Friday, July 9, 2010

MEMBEDAH ISI PERAHU YANG TERBALIK ITU

*Sekilas tentang G.Tangkubanparahu
*Sekilas Bandung Vooruit

Kawah Domas yang sudah pias oleh fenomena material vulkanis, kian memucat: kabut mulai turun. Di kejauhan, gelegar guntur terdengar bersahutan. Setitik dua titik air, terasa dingin di kulit kepala. Cemas? Sedikit. Kecemasan itu banyak terobati oleh indahnya suasana Kawah Domas di bulan-bulan yang masih musim penghujan ini, Februari, tepatnya hari ke-27, tahun ke 2010.

Akankah turun hujan? berdasarkan pengalaman menyurvei jalur yang sama pada 20 Januari lalu, hujan deras mengguyur
tepat saat kami berada di tengah-tengah rimba antara Kawah Domas dengan perkebunan teh Hegarmanah-Ciater.

Maka, seperti biasa, untuk ha
ri H-nya "mitigasi bencana" ditetapkan. Para calon peserta Jajal Geotrek jilid III diwanti-wanti agar membawa jas hujan, baju ganti, dan segala preparat yang bisa melindungi benda-benda rawan air dari kebasahan. (foto kiri: citra Gunung Tangkubanparahu, diambil dari mobil yang sedang melaju di atas jalan layang Paspati)

Yang mencemaskan, tidak semua peserta menurut atau mengetahui info tersebut. Ada yang memang tidak peduli dan siap berhujan-hujanan, ada yang beralasan belum memili'i, berat, dan ada juga yang memang kurang memperoleh informasi. Lebih mencemaskan lagi, yang tidak prepare dengan dengan segala ancaman hujan ini justru peserta paling senior, Dr Gunawan.

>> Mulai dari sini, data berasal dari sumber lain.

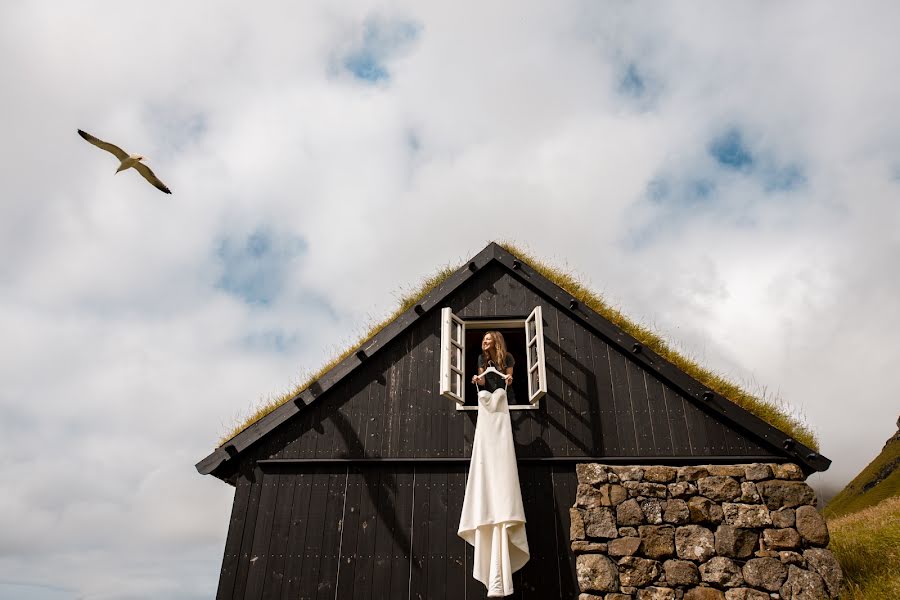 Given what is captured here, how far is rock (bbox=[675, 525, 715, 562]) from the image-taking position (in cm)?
635

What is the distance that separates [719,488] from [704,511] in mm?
346

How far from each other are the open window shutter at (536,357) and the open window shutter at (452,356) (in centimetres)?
89

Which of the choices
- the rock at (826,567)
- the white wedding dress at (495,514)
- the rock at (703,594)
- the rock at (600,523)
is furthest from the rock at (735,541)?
the white wedding dress at (495,514)

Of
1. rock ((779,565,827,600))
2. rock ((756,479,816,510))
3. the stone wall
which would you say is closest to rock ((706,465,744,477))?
the stone wall

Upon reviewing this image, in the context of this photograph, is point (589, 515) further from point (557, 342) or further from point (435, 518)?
point (557, 342)

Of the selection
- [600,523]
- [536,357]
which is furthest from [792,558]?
[536,357]

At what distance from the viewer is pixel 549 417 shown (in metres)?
7.52

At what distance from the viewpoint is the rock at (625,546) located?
6.44 m

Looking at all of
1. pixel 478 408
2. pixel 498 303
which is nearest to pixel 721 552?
pixel 478 408

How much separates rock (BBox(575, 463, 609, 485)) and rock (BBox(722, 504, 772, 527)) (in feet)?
4.36

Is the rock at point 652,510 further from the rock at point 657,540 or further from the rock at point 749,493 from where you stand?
the rock at point 749,493

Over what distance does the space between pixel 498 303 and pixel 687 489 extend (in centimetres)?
342

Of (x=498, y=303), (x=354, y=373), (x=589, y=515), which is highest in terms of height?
(x=498, y=303)

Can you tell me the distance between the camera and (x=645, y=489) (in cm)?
682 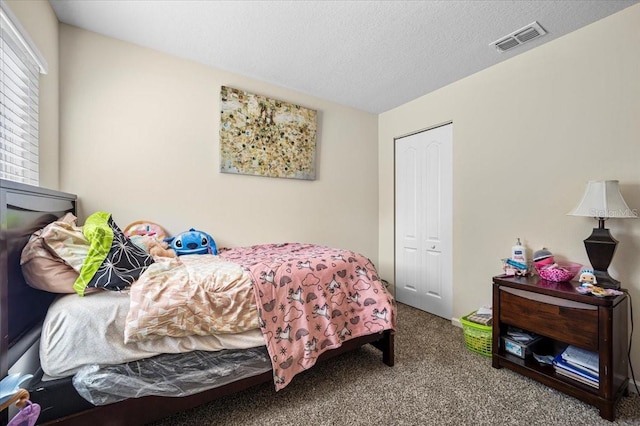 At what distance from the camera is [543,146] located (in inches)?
85.4

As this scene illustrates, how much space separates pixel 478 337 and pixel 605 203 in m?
1.25

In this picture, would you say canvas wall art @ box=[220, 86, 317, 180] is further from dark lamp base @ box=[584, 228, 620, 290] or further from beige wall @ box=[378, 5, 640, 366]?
dark lamp base @ box=[584, 228, 620, 290]

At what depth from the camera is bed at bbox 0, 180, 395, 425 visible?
1.10 m

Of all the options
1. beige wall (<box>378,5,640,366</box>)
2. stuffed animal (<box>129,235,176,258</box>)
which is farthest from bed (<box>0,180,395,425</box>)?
beige wall (<box>378,5,640,366</box>)

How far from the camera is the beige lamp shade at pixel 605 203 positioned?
5.35ft

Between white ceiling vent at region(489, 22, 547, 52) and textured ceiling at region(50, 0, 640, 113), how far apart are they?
38mm

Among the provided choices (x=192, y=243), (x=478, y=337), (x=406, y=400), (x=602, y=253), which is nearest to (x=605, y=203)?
(x=602, y=253)

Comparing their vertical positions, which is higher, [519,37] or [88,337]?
[519,37]

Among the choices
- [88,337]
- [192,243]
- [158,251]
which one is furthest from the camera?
[192,243]

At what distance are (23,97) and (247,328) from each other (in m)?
1.83

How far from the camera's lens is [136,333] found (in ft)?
3.91

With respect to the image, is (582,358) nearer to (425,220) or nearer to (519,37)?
(425,220)

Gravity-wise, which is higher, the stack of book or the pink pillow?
the pink pillow

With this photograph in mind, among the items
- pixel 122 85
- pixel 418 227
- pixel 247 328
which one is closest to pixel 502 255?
pixel 418 227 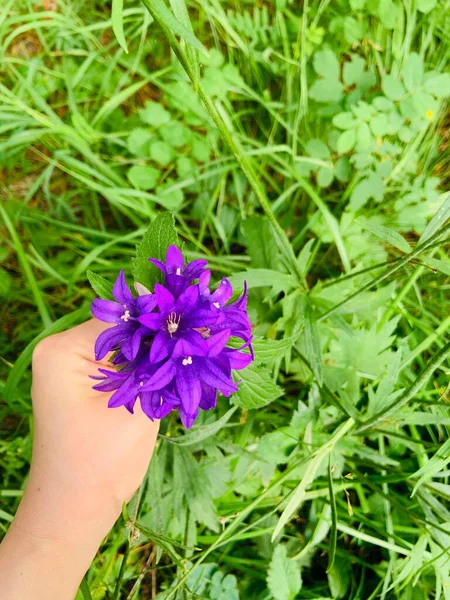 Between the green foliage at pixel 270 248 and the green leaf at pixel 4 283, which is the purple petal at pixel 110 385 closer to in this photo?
the green foliage at pixel 270 248

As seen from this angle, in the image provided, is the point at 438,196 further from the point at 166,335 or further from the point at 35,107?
the point at 35,107

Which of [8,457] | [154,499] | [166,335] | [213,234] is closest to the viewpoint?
[166,335]

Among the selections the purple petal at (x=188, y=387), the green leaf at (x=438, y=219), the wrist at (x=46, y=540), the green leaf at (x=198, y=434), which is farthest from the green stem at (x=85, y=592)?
the green leaf at (x=438, y=219)

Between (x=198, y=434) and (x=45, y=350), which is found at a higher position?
(x=45, y=350)

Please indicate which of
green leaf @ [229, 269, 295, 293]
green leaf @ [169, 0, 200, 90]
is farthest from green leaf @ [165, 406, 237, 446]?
green leaf @ [169, 0, 200, 90]

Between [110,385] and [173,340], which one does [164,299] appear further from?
[110,385]

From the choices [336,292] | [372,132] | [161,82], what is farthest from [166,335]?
[161,82]

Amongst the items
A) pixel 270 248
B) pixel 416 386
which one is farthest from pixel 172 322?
pixel 270 248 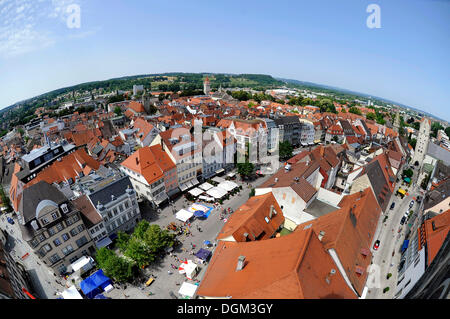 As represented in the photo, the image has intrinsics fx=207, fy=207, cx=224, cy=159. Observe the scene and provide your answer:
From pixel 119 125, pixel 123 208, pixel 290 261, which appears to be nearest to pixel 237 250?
pixel 290 261

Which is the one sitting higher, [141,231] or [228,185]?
[141,231]

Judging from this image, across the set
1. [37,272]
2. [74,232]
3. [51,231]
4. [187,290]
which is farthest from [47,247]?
[187,290]

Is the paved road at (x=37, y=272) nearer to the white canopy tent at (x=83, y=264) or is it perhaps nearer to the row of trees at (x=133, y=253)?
the white canopy tent at (x=83, y=264)

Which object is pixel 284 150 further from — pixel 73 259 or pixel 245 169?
pixel 73 259

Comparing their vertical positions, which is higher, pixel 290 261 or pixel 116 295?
pixel 290 261

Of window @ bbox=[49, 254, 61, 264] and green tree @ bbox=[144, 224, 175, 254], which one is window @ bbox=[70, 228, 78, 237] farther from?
green tree @ bbox=[144, 224, 175, 254]
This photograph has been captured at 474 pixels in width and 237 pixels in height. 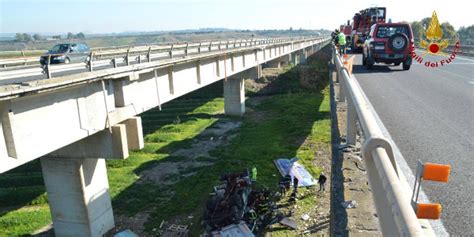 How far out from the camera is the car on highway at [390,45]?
57.2 ft

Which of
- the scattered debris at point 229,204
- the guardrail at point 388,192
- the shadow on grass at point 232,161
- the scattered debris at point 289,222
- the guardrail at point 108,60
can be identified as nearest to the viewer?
the guardrail at point 388,192

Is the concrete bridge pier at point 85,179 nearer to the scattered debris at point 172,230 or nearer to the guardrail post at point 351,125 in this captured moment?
the scattered debris at point 172,230

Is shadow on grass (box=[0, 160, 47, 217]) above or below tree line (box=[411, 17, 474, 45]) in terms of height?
below

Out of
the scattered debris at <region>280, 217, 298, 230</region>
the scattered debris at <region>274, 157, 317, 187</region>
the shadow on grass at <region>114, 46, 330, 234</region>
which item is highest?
the scattered debris at <region>280, 217, 298, 230</region>

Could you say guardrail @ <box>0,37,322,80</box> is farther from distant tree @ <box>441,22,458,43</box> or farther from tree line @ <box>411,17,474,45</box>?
distant tree @ <box>441,22,458,43</box>

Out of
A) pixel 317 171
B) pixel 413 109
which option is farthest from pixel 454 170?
pixel 317 171

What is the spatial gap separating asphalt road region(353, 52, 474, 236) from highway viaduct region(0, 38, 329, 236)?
7570 mm

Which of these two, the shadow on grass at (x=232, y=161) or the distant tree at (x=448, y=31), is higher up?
the distant tree at (x=448, y=31)

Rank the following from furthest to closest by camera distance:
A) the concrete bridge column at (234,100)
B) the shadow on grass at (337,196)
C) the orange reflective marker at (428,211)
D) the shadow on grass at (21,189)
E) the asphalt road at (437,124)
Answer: the concrete bridge column at (234,100)
the shadow on grass at (21,189)
the asphalt road at (437,124)
the shadow on grass at (337,196)
the orange reflective marker at (428,211)

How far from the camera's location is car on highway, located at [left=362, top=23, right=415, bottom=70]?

Pertama kali saya mengenal Dr Gunawan adalah saat mengikuti Tur Megalitik Gunung Padang Agustus 2009. Saat bertemu lagi di Jajal Geotrek III, style-nya tidak berubah, tetap dengan kaos lengan pendek, topi jepun, dan tas yang diselempangkan begitu saja di pundak, seperti orang mau sekolah saja. Dan….. waduh, dia nggak bawa jas hujan atau payung pun.

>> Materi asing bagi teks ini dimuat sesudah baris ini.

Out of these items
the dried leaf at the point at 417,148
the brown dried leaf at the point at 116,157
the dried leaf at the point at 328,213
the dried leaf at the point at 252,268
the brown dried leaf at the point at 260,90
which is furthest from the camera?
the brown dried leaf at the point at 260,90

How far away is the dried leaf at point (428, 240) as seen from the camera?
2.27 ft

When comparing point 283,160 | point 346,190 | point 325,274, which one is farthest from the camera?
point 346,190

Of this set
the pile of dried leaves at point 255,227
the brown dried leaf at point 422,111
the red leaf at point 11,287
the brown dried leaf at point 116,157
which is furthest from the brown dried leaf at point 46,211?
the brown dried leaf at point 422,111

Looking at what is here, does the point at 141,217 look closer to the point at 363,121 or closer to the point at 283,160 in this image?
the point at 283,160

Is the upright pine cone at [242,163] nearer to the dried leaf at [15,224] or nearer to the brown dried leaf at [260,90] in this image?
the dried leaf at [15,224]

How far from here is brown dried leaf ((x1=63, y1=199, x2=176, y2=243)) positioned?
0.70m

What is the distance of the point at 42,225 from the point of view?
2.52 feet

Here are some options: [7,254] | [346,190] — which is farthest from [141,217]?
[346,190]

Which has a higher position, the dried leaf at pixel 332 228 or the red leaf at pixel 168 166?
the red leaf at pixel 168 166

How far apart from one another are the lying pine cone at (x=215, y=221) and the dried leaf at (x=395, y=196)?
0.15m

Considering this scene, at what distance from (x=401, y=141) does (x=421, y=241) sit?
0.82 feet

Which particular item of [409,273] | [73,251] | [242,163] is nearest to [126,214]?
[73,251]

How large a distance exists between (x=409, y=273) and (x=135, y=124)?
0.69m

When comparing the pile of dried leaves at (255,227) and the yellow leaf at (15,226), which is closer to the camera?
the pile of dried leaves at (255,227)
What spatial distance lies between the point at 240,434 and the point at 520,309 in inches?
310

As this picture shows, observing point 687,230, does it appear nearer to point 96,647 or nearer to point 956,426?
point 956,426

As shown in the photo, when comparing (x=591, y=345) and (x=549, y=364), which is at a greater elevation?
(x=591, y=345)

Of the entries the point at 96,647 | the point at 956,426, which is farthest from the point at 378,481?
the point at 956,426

Tapi alhamdulillah, segmen paling mencemaskan karena berada pada jam-jam yang biasanya turun hujan —yakni jungle walk antara Kawah Domas dan perkebunan teh— berhasil dilewati semua peserta dengan selamat. Ancaman hujan besar yang sudah terasa sejak di Kawah Domas, ternyata tidak terbukti. (foto kanan: trek menurun menuju Kawah Domas)

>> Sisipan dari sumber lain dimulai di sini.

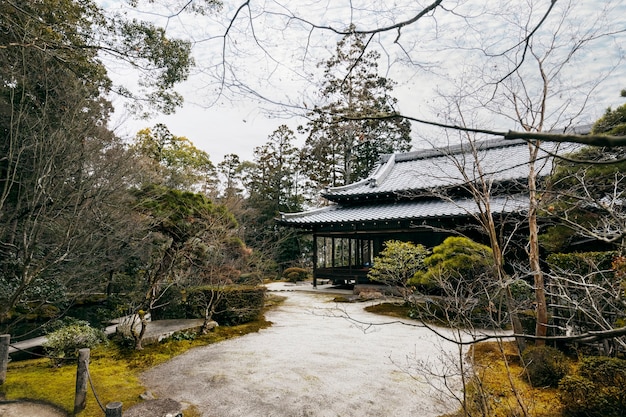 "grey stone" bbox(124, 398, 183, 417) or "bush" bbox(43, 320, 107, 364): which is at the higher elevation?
"bush" bbox(43, 320, 107, 364)

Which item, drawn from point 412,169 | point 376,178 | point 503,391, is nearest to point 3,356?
point 503,391

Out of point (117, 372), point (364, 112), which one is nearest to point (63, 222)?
point (117, 372)

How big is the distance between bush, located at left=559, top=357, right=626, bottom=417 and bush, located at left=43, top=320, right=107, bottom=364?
6233 millimetres

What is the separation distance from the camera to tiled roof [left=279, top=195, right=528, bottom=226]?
11352mm

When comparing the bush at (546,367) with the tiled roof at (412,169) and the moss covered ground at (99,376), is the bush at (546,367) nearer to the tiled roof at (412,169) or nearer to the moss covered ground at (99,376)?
the moss covered ground at (99,376)

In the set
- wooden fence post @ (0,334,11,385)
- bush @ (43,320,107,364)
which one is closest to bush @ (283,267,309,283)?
bush @ (43,320,107,364)

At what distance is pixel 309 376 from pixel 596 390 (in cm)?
319

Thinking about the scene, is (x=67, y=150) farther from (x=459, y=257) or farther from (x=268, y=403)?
(x=459, y=257)

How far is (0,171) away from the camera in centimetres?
675

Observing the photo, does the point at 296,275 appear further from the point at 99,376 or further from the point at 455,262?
the point at 99,376

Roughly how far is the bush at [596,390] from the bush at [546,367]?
1.69 feet

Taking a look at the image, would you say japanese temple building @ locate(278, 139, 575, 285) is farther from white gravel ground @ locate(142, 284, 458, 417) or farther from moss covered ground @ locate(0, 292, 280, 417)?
moss covered ground @ locate(0, 292, 280, 417)

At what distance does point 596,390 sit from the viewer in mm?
3426

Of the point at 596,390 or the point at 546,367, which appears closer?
the point at 596,390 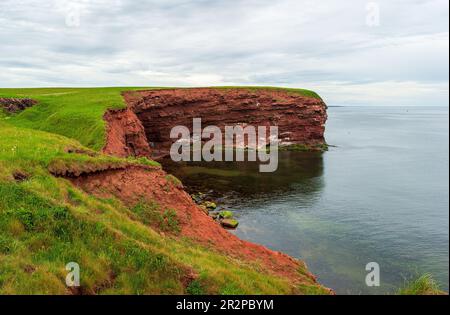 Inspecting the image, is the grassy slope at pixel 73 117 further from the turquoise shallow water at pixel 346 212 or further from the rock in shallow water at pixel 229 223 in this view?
the turquoise shallow water at pixel 346 212

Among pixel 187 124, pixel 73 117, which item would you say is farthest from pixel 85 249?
pixel 187 124

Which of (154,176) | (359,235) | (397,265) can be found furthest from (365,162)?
(154,176)

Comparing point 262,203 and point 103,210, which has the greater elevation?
point 103,210

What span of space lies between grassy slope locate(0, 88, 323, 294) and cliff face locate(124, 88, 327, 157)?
50611 mm

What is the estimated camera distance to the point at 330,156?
234 feet

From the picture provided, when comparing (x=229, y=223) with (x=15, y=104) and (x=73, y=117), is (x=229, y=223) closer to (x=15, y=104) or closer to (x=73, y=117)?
(x=73, y=117)

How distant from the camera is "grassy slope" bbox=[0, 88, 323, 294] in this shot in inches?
418

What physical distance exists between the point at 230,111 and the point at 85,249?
66.8 metres

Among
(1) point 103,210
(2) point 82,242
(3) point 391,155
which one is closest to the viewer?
(2) point 82,242

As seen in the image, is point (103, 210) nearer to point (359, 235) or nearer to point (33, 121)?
point (359, 235)

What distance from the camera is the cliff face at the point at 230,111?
230 feet

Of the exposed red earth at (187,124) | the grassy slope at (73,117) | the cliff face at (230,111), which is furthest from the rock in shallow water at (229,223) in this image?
the cliff face at (230,111) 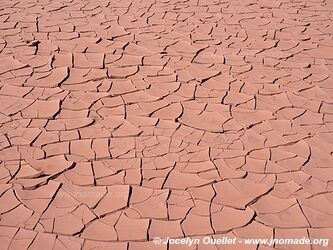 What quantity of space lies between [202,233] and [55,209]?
74 centimetres

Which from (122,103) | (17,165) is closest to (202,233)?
(17,165)

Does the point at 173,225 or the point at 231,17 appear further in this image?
the point at 231,17

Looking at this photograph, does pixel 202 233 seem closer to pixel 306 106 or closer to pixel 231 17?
pixel 306 106

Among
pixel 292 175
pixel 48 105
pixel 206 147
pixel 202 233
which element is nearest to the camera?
pixel 202 233

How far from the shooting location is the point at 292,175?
219cm

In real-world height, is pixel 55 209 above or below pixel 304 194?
above

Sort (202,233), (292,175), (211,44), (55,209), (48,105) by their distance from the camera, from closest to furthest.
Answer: (202,233)
(55,209)
(292,175)
(48,105)
(211,44)

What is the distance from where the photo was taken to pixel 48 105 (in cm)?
282

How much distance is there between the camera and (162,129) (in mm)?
2588

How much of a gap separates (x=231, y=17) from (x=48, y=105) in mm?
2477

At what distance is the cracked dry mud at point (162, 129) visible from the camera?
1.91 meters

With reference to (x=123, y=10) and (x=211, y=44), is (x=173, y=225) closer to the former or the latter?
(x=211, y=44)

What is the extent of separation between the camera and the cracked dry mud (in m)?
1.91

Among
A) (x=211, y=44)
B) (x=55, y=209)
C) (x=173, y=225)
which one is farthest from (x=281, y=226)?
(x=211, y=44) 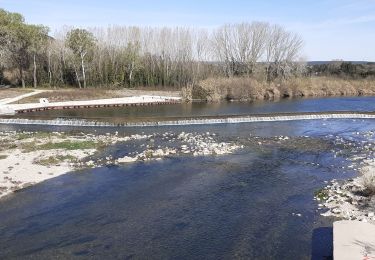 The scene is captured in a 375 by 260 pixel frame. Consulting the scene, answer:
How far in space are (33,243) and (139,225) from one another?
11.0 ft

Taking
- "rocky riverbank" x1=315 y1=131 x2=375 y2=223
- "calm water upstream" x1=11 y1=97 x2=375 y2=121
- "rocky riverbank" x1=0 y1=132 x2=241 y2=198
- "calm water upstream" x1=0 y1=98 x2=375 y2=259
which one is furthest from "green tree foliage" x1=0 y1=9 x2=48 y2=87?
"rocky riverbank" x1=315 y1=131 x2=375 y2=223

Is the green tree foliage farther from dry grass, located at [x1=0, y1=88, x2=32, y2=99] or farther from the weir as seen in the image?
the weir

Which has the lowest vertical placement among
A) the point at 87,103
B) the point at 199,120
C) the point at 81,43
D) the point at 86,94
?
the point at 199,120

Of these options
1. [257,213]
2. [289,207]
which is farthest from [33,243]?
[289,207]

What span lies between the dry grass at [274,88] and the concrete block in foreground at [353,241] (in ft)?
136

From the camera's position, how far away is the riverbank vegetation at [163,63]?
56000mm

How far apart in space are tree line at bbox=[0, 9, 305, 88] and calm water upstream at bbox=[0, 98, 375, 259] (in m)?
37.9

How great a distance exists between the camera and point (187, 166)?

Saat perkenalan di Taman Ganesha —meeting point langganan Jajal Geotrek— Dr Dadang Kurniadi, peserta setia Jajal Geotrek, memperkenalkan Dr Gunawan kepada saya sebagai mantan pimpinan Badan Meteorologi dan Geofisika (BMG) pusat. Maka kemudian tersiarlah anekdot bahwa hujan tidak jadi turun karena ada “pawangnya”.

Lucunya, justru terselip “penyesalan” pada beberapa peserta, kok gak hujan? Padahal sudah berat-berat bawa jas hujan, payung, sepatu ganti, tutup ransel, dsb, dsb….. Lebih kasihan lagi yang sudah bela-belain beli jas hujan, padahal harganya gak murah juga (secara, ini pengalaman pribadi, hehe!!). Ah tapi….jas hujan kan bukan barang yang bakal busuk. So, lain waktu pasti terpakai lagi, apalagi buat para penjarambah leuweung seperti kita-kita ini.

Sejarah Gunung Tangkubanparahu
Tangkubanparahu adalah panorama alam yang paling banyak menyita perhatian untuk setiap orang yang sedang berada di Bandung. Meski proses pembentukan gunung ini menjadi seperti perahu terbalik sebenarnya proses lumrah, khususnya pada gunung-gunung jenis strato, namun "pemangkasan" pucuknya yang rapi sehingga menjadi berbentuk seperti perahu terbalik, sungguh menarik padangan mata.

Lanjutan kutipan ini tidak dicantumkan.